Para o aproveitamento ser ainda mais eficaz, as pessoas vinham de suas casas com os seus mais preciosos pertences, que tinham de arrumar em 15 minutos, no máximo de 25 Kg, com a ilusão de que iam ser levados para um local melhor. Eu vi os casaquinhos tão bonitos… Era preciso colocar toda a sua vida naquelas malas, parte delas agora expostas no museu. As mais pequenas eram das crianças. À chegada eram delas despojados, depois da roupa que traziam vestida, o cabelo cortado, pois tudo era mais-valia. A roupa, depois de desinfectada, era dada às famílias alemãs mais pobres - o cabelo já o disse. Quem fosse apto para o trabalho adiava a morte, à custa da sua já calculada deterioração.
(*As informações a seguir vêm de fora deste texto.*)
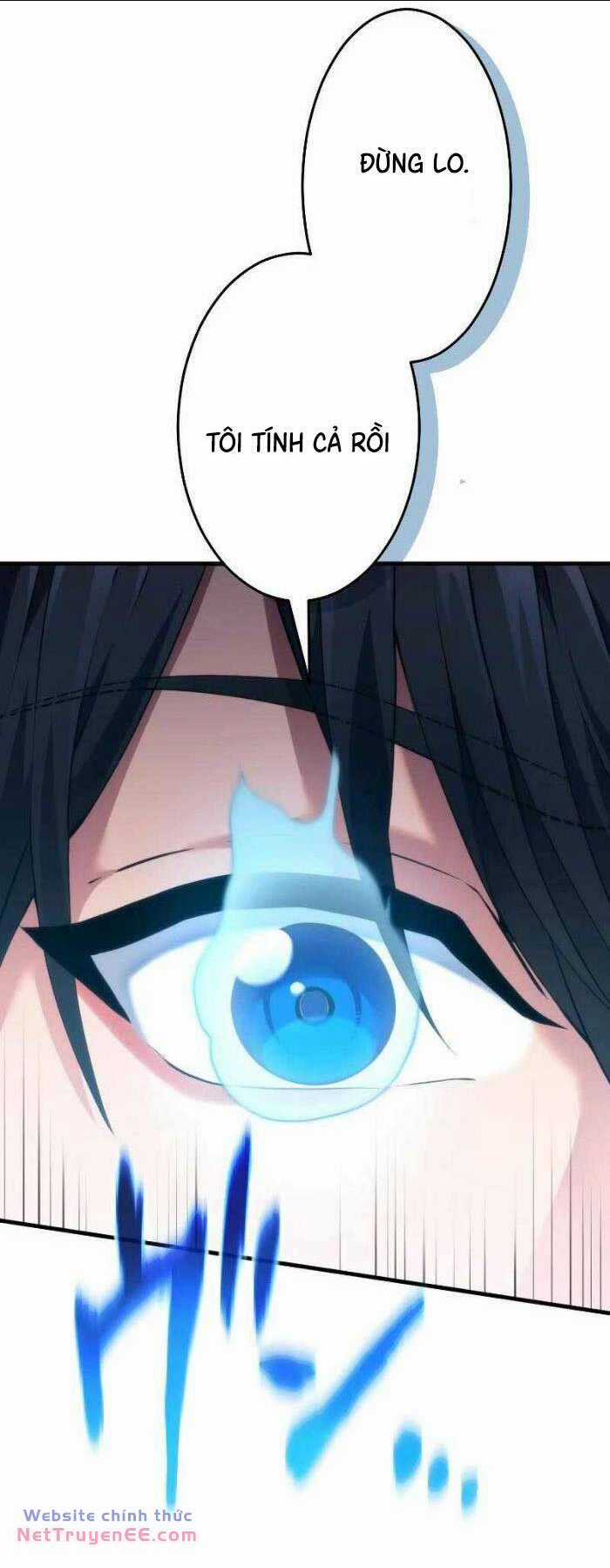 Pháp Sư Cận Chiến Hồi Quy Chapter 5 trang 25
Alguns escaparam e contaram a sua história, para sempre seres humanos diferentes de todos nós. Mas todos aqueles sapatos que ali estavam guardam a história de quem não sobreviveu para a contar. E esses foram a maioria.
Mesmo depois de saberem a guerra perdida os nazis continuaram o extermínio. Aliás, intensificaram-no, para que pudessem eliminar o máximo de judeus. Tentaram eliminar os testemunhos dos seus actos e quase o conseguiram. Na verdade, só cerca de 10% pagou pelos seus crimes. A Anya mostrou-nos uma fotografia aérea tirada acidentalmente pelos Aliados ao campo de Aushwitz-Bikernau meses antes do fim da guerra, com o intuito de procurarem fábricas, que foi ignorada. Não quiseram ver.
Alimentando a esperança de que nada disto se possa repetir foi construído o memorial. Porque apesar de tudo se acredita no ser humano. O que é bem difícil quando se visita Aushwitz.